Por Alexandre Freire Duarte
“Marriage Story”, EUA, 2020; dirigido por Noah Baumbach, com Adam Driver, Scarlett Johansson, Laura Dern.
Quando, em Dezembro de 2019, o filme “Marriage Story” estreou, não o abordei nesta rúbrica. Pensei, na ocasião, que seria mais relevante dar atenção a outras obras, todavia, tendo os atritos conjugais aumentado durante as semanas de confinamento da primeira metade de 2020, estimei dever revisitá-lo.
É improvável que se consiga ver esta obra sem se acabar por ter a “alma”, crescentemente compassiva, nas mãos. Mesmo quem nunca passou pelo drama, tocante mas não desesperante, que nela é apresentado, pressentirá estar diante de um exímio retrato do amor a ser futilmente despedaçado sob as tensões e fragilidades humanas. Com um argumento realista; dirigido com mestria; e dotado de eloquentes desempenhos, “Marriage Story” é uma análise atenta e honesta das complexas, pungentes e tantas vezes cegas tempestades emocionais características dos processos de decomposição das relações conjugais. Processos que, em última análise, decorrem de egoísmos “míopes” e “estrábicos” que, sendo indómitos sem a assunção da graça crística, transforam até a pessoa mais querida em alguém insuportável.
Este filme também chama a atenção para o facto de estarmos a viver dias em que o divórcio, ainda mais do que a morte – da qual ele é como que uma antecipação –, tende a ser feito invisível por uma nossa sociedade que quer passar a ideia de que o mesmo é algo de “natural” e passível de ser levado a cabo de modo “confortável”. Não o é. Todo o divórcio, mesmo os que decorrem de cenários de comum (ir)responsabilidade, é o doloroso descalabro, raramente recobrável, de uma história. É a sombria derrota de uma vida partilhada que, assim, terminará ferindo todos os envolvidos – em especial os mais frágeis.
O divórcio é ainda, e como esta obra me fez verificar, uma dos mais vigorosos sinais do que pode ser uma anti-Eucaristia. Na, e pela, Eucarística, somos fortalecidos pelo sangue do Senhor na edificação de laços de comunhão. No divórcio, e como “Marriage Story” sugere – sobretudo pelas personagens dos advogados –, os “vampiros” da nossa sociedade banqueteiam-se do, e no, sangue da dilaceração da vida comum de tanta gente, celebrando a propagação, até tal desfecho, do mito de que o amor e a esperança são nuvens estéreis de sentimentos, e não virtudes arraigadas na vontade – nomeadamente da árdua construção de uma união de corações.

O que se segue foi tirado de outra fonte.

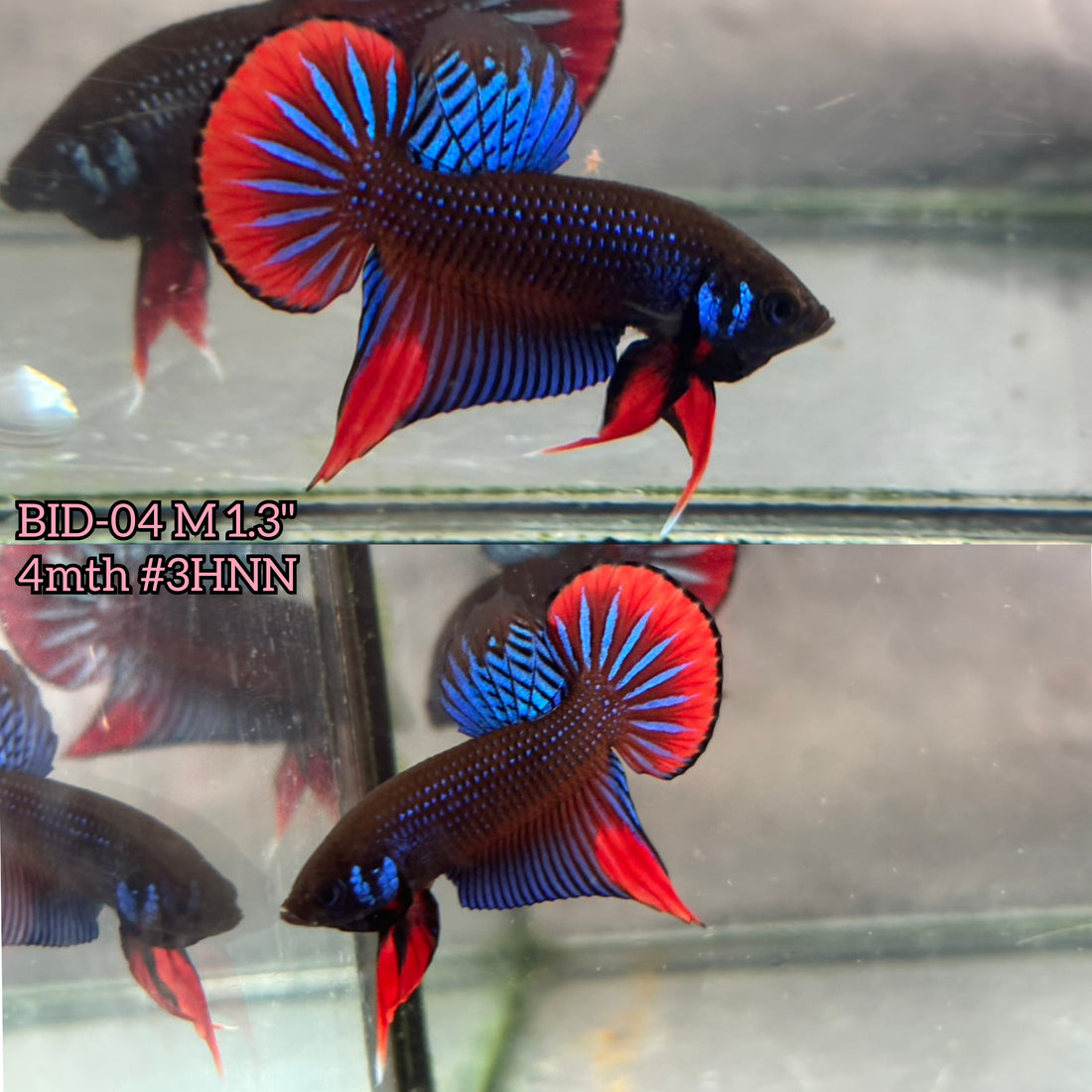Live Male Betta Blue Red  colors Imbellis wild Plakat (BID-04)S193✔️ High quality What you see What you get!!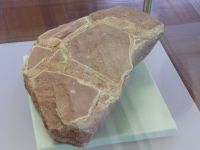 1_Vitrine02_oben_f_Schrumpfrisse_MB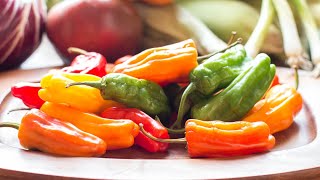 Blistered Shishito Peppers Recipe [upl. by Ridley]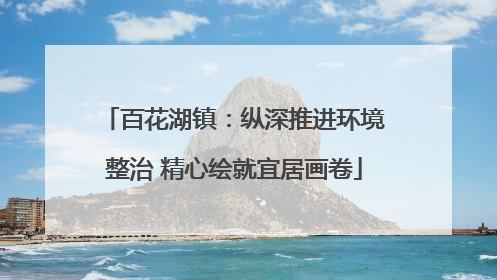 百花湖镇：纵深推进环境整治 精心绘就宜居画卷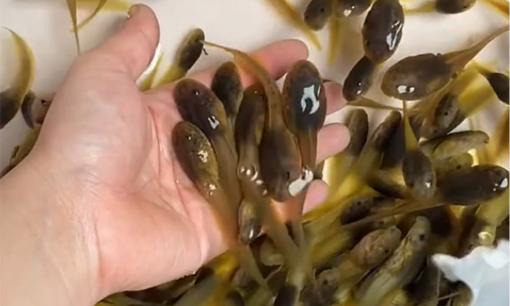 Thanh Hóa có một con đặc sản mới nghe tên đã 'sởn da gà', giá 70.000đ/kg, chuyên dùng đãi khách quý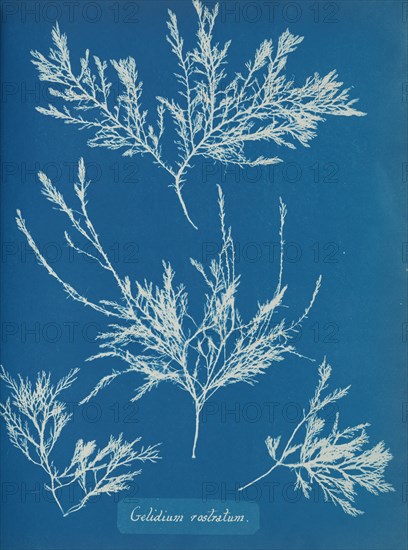 Gelidium rostratum, ca. 1853.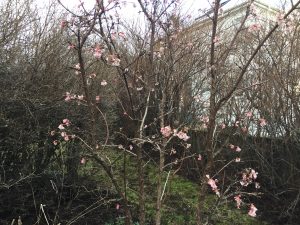 Þorrarunni 'Dawn' - Viburnum x bodnantense 'Dawn' - Image 2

Se assim é, a tortura do divórcio, enraizada em falhas numa comunicação sadia que se foi esfriando, vai mais além das pessoas nela envolvidas, repercutindo-se naquele Deus-Amor que Se expressa de um modo singular no amor conjugal. Ninguém que atravessa tal tortura fica incólume. Antes, e como este filme patenteia, torna-se progressivamente mais desabrigado, desorientado e, por fim, emparedado em atitudes espirituais negativas. Isto leva a que viva, talvez durante anos, com detritos de amargura que sequestrarão a felicidade, apontando para a evidência de que dificilmente alguém conseguirá encontrar um genuíno “final feliz” em qualquer separação matrimonial.